“He [God] does not play dice”, quipped Albert Einstein, but for mortals chance is part of life. We cannot experience, measure and predict with absolute certainty. We may win a prize in a Christmas raffle. There’s also a small but real chance of being struck by lightning.
Statistics enables understanding of numerical data, including probabilities. But it is also a subject worthy of university degrees and entire careers. Statistics can be complex, and it can be ignored and misunderstood.
But a simple dice can provide a gateway to basic statistics. And not just your chance of rolling two sixes. A dice can tell you about opinion polls, risk, wages and even starlight.
Roll a dice
You’re probably familiar with a six-sided dice – a cube with sides numbered from one to six. The chance of rolling each number is one in six, or 16.67%. Conversely, the chance of not rolling a six is five in six, or 83.33%. In other words, you could roll a six but more often you won’t. Easy? Perhaps not.
Back in 2016, American statistician Nate Silver, famed for his election forecasts, gave Donald Trump a 28.6% chance of victory. Obviously his prediction strongly favoured Hillary Clinton, but didn’t rule out Trump. In fact, the odds of a Trump win were better than the odds of rolling a six.
If you had to lay money on rolling a six, you would perhaps bet against it but not be unduly surprised if you lost. And yet many people believe Trump’s victory proved Nate Silver “wrong”.
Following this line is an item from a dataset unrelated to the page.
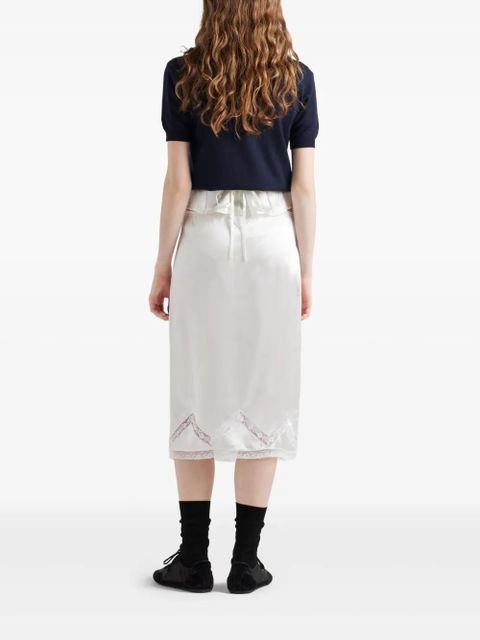 Prada embroidered satin midi skirt - White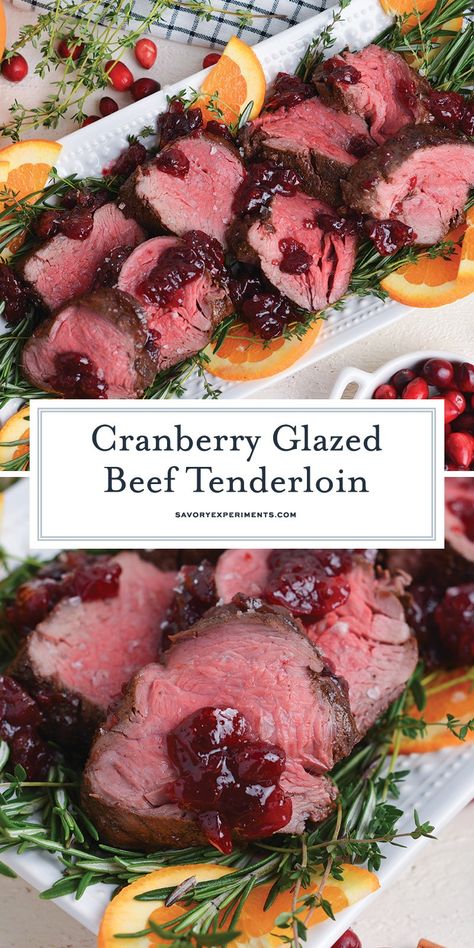 #ad We are thrilled to partner with @beefordinner this holiday season to bring an easy Cranberry Glazed Beef Tenderloin. This is the perfect celebratory entree, coming together in a snap combining fall spices with sweet-tart fresh cranberry glaze. #farmersandbeefranchers Beef Tenderloin Balsamic Glaze, Thanksgiving Beef Tenderloin, Cranberry Balsamic Ribeye Roast, Cranberry Glaze Recipe, Thanksgiving Beef Recipes, Beef Tenderloin Recipes Oven, Cranberries Recipes, Winter Dinners, Beef Tenderloin Recipes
Our appreciation of odds can also be distorted when risk is involved. So-called “lukewarmers” acknowledge climate change is real, but consistently favour the minority of projections that result in least warming and smallest costs. Hoping for the best is understandable, but should you bet serious money on rolling a six? Again, no.
Simple statistics can confound. We can be handed the numbers, but gut feeling may distort our appreciation of them. We don’t see the dice in our hand.
Averages, midpoints and wages
If we roll a dice many times over, we know we aren’t going to roll a six every time.
The average value of a dice is 3.5 (21 spots divided by 6 sides). This value is also the “midpoint”; we would expect half the rolls to be below it, and half the rolls to be above it.
While the average and midpoint are often similar, they don’t have to be. Get a marker pen and replace the number 6 with 12. Now the average value of rolls with this dice is 4.5.
But what about the midpoint for our vandalised dice? It hasn’t budged from 3.5 – half the rolls are below 3.5 and half are above it. These differences turn up elsewhere, and they can absolutely matter.
Lets look at the weekly earnings of full-time Australian employees. In 2018 the midpoint was A$1,500, while the average was A$1,730. Ten per cent of employees earned A$925 or less, whereas 10% earned A$2,771 or more. You can boost the earnings of some employees and move the average, while the earnings for most employees and the midpoint remain unchanged.
So is an average actually useful? Absolutely, but it doesn’t give a full picture. Average earnings may grow, but not everyone may share that growth.
Noise and light
With a good six-sided dice I can determine the average and midpoint trivially with a calculator. But what if I wasn’t absolutely sure the dice was fair? How many rolls would it take to check?
I can try to measure the average by rolling the dice many times and seeing how it compares with the expected value of 3.5. I rolled a dice 24 times and initially measured an average value of 3.79. I then repeated the experiment and got averages of 3.62, 3.13, 3.59, 3.75, and 3.25.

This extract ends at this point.